Regardless of the flags used, running Swatches always saves two data files: outname+".dat" in the format to load described in the output format section above, and outname+".txt" which data for several equivalence classes in a format that is easy to interpret by eye. The second file includes the 10 highest ranked equivalence classes for each preparation, then the 10 maximizing (frequency in preparation i - frequency in preparation j) for all i, j.


For example:

	./Swatches -f voronoi_uniform_10K.cfg -r 4 -t 1 -e 
Loads the graph in "voronoi_uniform_10K.cfg," computes the empirical probability distribtion of H1 barcodes at radius 4 centered at all vertices of the data, saves the data in "voronoi_uniform_10K.cfg.dat," prints the ten most common equivalence classes in "voronoi_uniform_10K.cfg.txt," and outputs the Shannon entropy to "voronoi_uniform_10K.cfg_shannonEntropy.txt."

	./Swatches -f voronoi_uniform_10K.cfg,voronoi_lattice_10K.cfg -r 3 -t 0 -o voronoi_comparison -p 1 
Loads the graphs in "voronoi_uniform_10K.cfg" and "voronoi_lattice_10K.txt" as data preparations 0 and 1 (as specified in those files), computes the empiricial distribution of graph isomorphism classes of radius three centered at all vertices of the data, saves data files "voronoi_comparison.dat" and "voronoi_comparison.txt," and computes the L1 norm between the two empirical probability distributions saves the data in "voronoi_comparison_L1.txt". 

voronoi_uniform_10K.cfg is the 1-skeleton of a periodic Voronoi diagram of 10,000 uniformly distributed points in a square. voronoi_lattice_10K.cfg is the 1-skeleton of a periodic Voronoi diagram of 10,000 perturbed lattice points, where Gaussian noise is added to each lattice point.


OVERVIEW OF DATA STRUCTURES:

The vertex, eClass, and rootedGraph classes are declared in RootedGraph.h.

vertex: a vertex of a graph.

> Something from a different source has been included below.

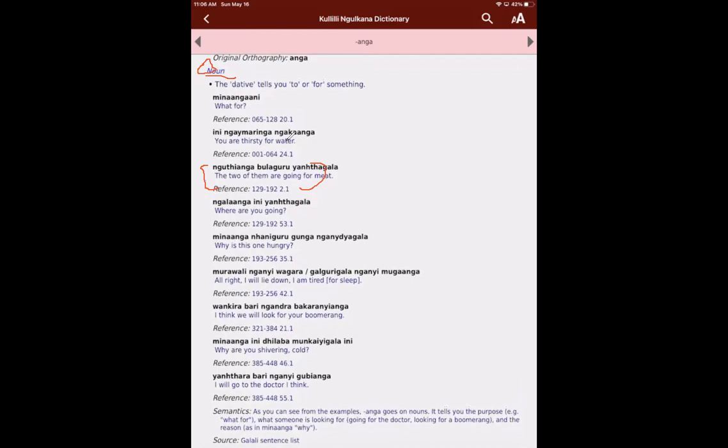Like where someone is going for, looking for something, going for water, going to the doctor, going for the doctor. Okay, so I think that should be it to give you an idea about how the Galilee dictionary works.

Used in both the rootedGraph and network classes.  
eClass: short for "equivalence class." Stores the data of an equivalence class, together with information about its occurance in different data preparations (the frequency, the count of number of occurences, and indices of vertices in the equivalence class). Also computes a hash key for use in the empiricalDistribution class.
RootedGraph: constructs the rooted graph of a given radius centered at a vertex. Includes functions to compute data for each of the equivalence classes.
 

The network and empiricalDistribution classes are declared in Classification.h.
Network: the global graph data structure. Used to input data.
empiricalDistribution: computes and stores a dictionary of eClasses detected in each preparation. The dictionary maps a key (computed in eClass) with a vector of classes sharing that key.